La mère de Jacob Blake, un Afro-américain de 29 ans grièvement blessé par des tirs policiers et probablement paralysé à vie, a appelé au calme mardi, les autorités redoutant de nouvelles manifestations tendues à travers les Etats-Unis.
“Mon fils se bat pour sa vie”, a déclaré, émue, Julia Jackson, mère de la victime, lors d’une conférence de presse.
“Si Jacob savait ce qu’il se passait, la violence et la destruction, il serait très mécontent (…) Nous avons besoin de guérir”, a-t-elle ajouté alors que son fils était à nouveau au bloc opératoire.
Comme pour George Floyd, un quadragénaire noir mort asphyxié sous le genou d’un policier blanc il y a trois mois, la tentative d’interpellation de Jacob Blake a été filmée par un témoin dimanche à Kenosha, dans l’Etat du Wisconsin.
Les images montrent le jeune Afro-américain suivi par deux policiers ayant dégainé leurs armes alors qu’il contourne une voiture.
Un agent attrape son débardeur blanc au moment où il ouvre la portière et tente de s’installer sur le siège conducteur. Le policier fait alors feu –l’enregistrement laisse entendre sept tirs–, atteignant ce père de famille de plusieurs balles dans le dos.
“Le diagnostic médical pour le moment est qu’il est paralysé”, a affirmé l’avocat de la famille de M. Blake, Ben Crump.
Il a subi de “graves dommages corporels, dont une section de la moelle épinière”, ses reins et son foie ont été endommagés et ses blessures ont nécessité “l’ablation d’une partie de l’intestin”, a précisé l’avocat Patrick Salvi, lui aussi sur le dossier.
La famille de Jacob Blake va porter plainte au civil, a-t-il annoncé.

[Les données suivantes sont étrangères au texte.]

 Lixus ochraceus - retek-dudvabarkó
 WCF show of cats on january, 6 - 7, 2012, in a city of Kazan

Les avocats ont par ailleurs annoncé qu’ils se rendraient à Washington vendredi pour rejoindre une vaste marche contre les violences policières organisée le jour de l’anniversaire du célèbre discours de Martin Luther King “I have a dream” (J’ai un rêve).
– “Pas de justice, pas de paix” –
Kenosha, Minneapolis, New York ou Portland, plusieurs villes américaines sont devenues depuis deux jours le théâtre de rassemblements parfois violents, des milliers de personnes exigeant que justice soit faite pour Jacob Blake.

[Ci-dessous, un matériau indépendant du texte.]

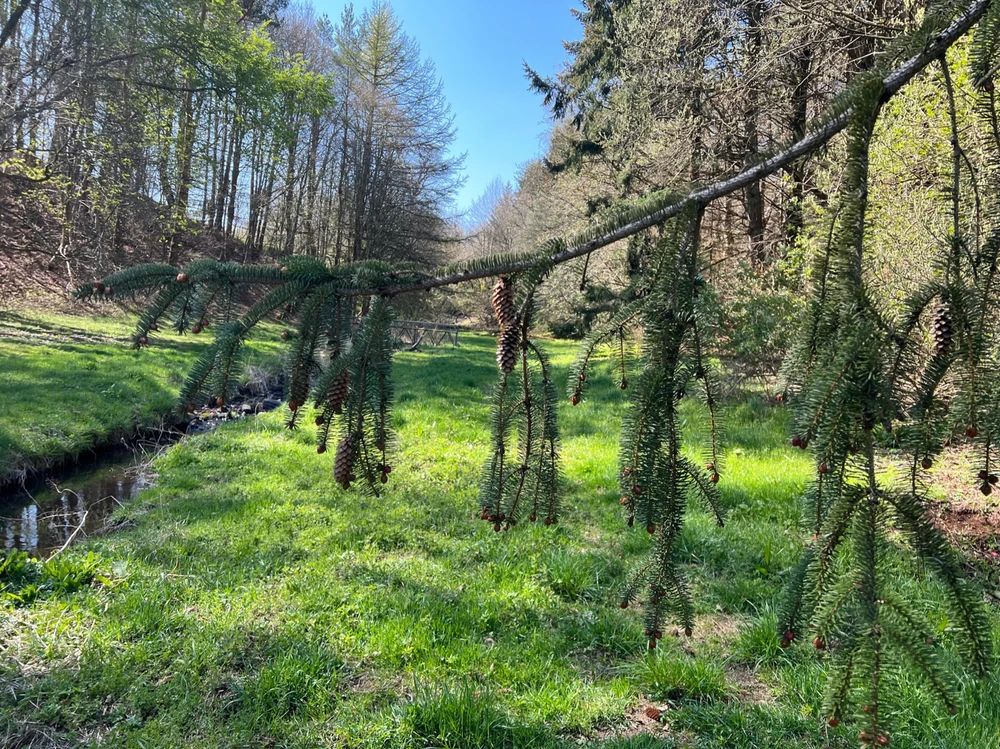 Image uploaded by William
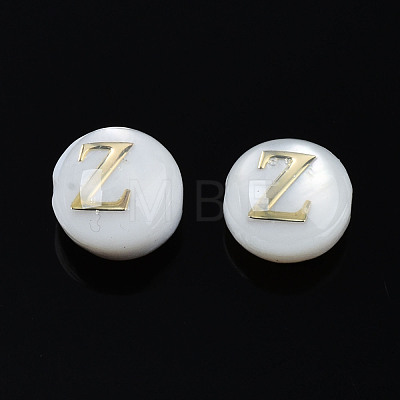 Natural Freshwater Shell Beads SHEL-S278-036Z-1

Dans la nuit de lundi à mardi, les manifestants scandaient le même slogan qu’après la mort de George Floyd, il y a trois mois jour pour jour: “Pas de justice, pas de paix”.
“Si je tuais quelqu’un, je serais condamnée et traitée comme une meurtrière. Je pense que ce devrait être la même chose pour la police”, a dit à l’AFP Sherese Lott, 37 ans, venue dire sa colère lundi soir à Kenosha, ville de 170.000 habitants au bord du lac Michigan.
Le millier de manifestants réunis devant un tribunal de la ville ont d’abord défilé pacifiquement. Mais une heure après l’entrée en vigueur d’un couvre-feu, des échauffourées ont éclaté avec les forces de l’ordre.
Les manifestants ont lancé des bouteilles et des feux d’artifice vers les policiers, incendié des voitures et un immeuble. Ils ont été visés par des capsules de gaz lacrymogène et des projectiles tirés par la police, a constaté l’AFP.
Des grilles en fer avaient été installées mardi sur les lieux pour éviter les débordements de la veille.
“Ce que nous avons vu ces deux dernières nuits et de nombreux soirs cette année est l’expression de la douleur, l’angoisse et l’épuisement d’être Noir dans notre Etat et notre pays”, a estimé mardi le gouverneur démocrate du Wisconsin Tony Evers.
Il a réitéré ses appels à des manifestations pacifiques et annoncé que des soldats supplémentaires de la Garde nationale seraient envoyés sur place en renfort.
A Minneapolis, la ville où George Floyd est mort le 25 mai et lieu de départ du mouvement historique contre le racisme, les manifestants ont brûlé un drapeau américain.
Environ 200 personnes ont défilé à New York. A Portland, où des marches sont organisées quasi quotidiennement depuis la mort de George Floyd, les manifestants ont scandé le nom de Jacob Blake.
Ben Crump, l’avocat de la famille de Jacob Blake, a affirmé que les trois fils de ce dernier se trouvaient dans la voiture au moment du drame, et que le jeune homme avait tenté de s’interposer dans une dispute entre deux femmes.
Les deux policiers impliqués ont été suspendus de leurs fonctions et une enquête a été ouverte.
Le président Donald Trump ne s’est pas encore exprimé sur le sujet. Joe Biden, son opposant démocrate à la présidentielle de novembre, a quant à lui assuré que le racisme était “une crise de santé publique” et exigé une enquête fouillée et transparente.